We had a regional issue with Verizon FIOS Internet Access last night that took down about 25 of our customer that were running all SIP traffic at the same time. Luckily about 20 of them we had at least 1 more ISP available that we could manually fail over to.
So FIOS was “apparently” upgrading their fiber backbone and decided at 5 pm to do this upgrade and not announce it. All the customers that had FIOS and lets say Cablevision are set up with an Outbound Policy for priority, FIOS being primary and “X” being backup. It is set up to terminate session from “X” when FIOS had established itself again.
Here was the HUGE problem, FIOS never technically “Disconnected” and I was getting to notifications on the Utility App that said this either. At first I thought it was an issue with our servers and it ended up not being that. After trying to ping and trace-route from inside the Peplink we weren’t able to reach our feature servers through Verizon Circuit. As soon as I manually disabled the FIOS and all traffic failed over to “X” the phones immediately registered and it was all roughly 20 of these customers that were effected in this particular area.
The thing is most of these customers were still able to surf the web via the FIOS connection.
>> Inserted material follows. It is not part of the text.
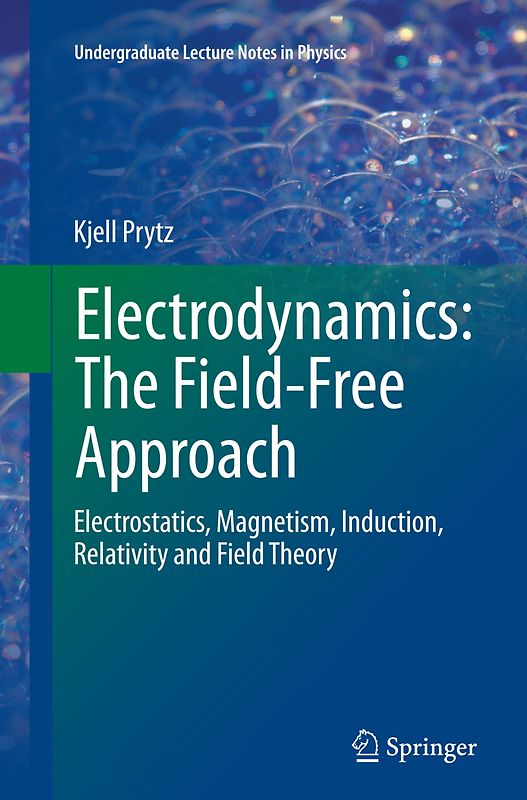 Electrodynamics: The Field-Free Approach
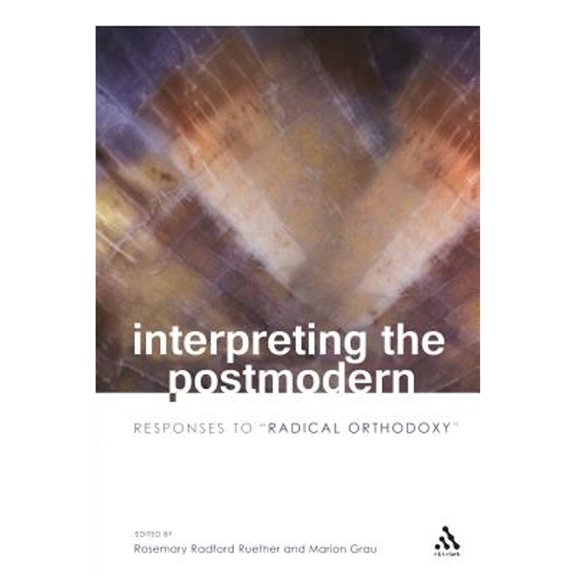 Pre-Owned Interpreting the Postmodern : Responses to Radical Orthodoxy (Paperback) 9780567028907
I will never get a true answer from FIOS but I think during their work that they “Blocked” certain protocols such as maybe SIP or some RTP traffic which in tern took down the phones.
- Set up the same priority algorithm but detail it for protocols, meaning I could set up that same priority algorithm but pick protocols tat i want to be detected after “X” amount of time of being “down” or “undetected” so that the failover will happen based on both “Disconnect” and “Protocol Disconnect”
Destination: "customer feature server"
Priority Order: FIOS - SIP, RTP, MGCP, H.323: If not detected for 15 Seconds - Fails to CV or TWC/ Upon recovery for atleast 120 seconds, revert back to FIOS.
Terminate Sessions On Link Recovery: CHECK
Something along these lines.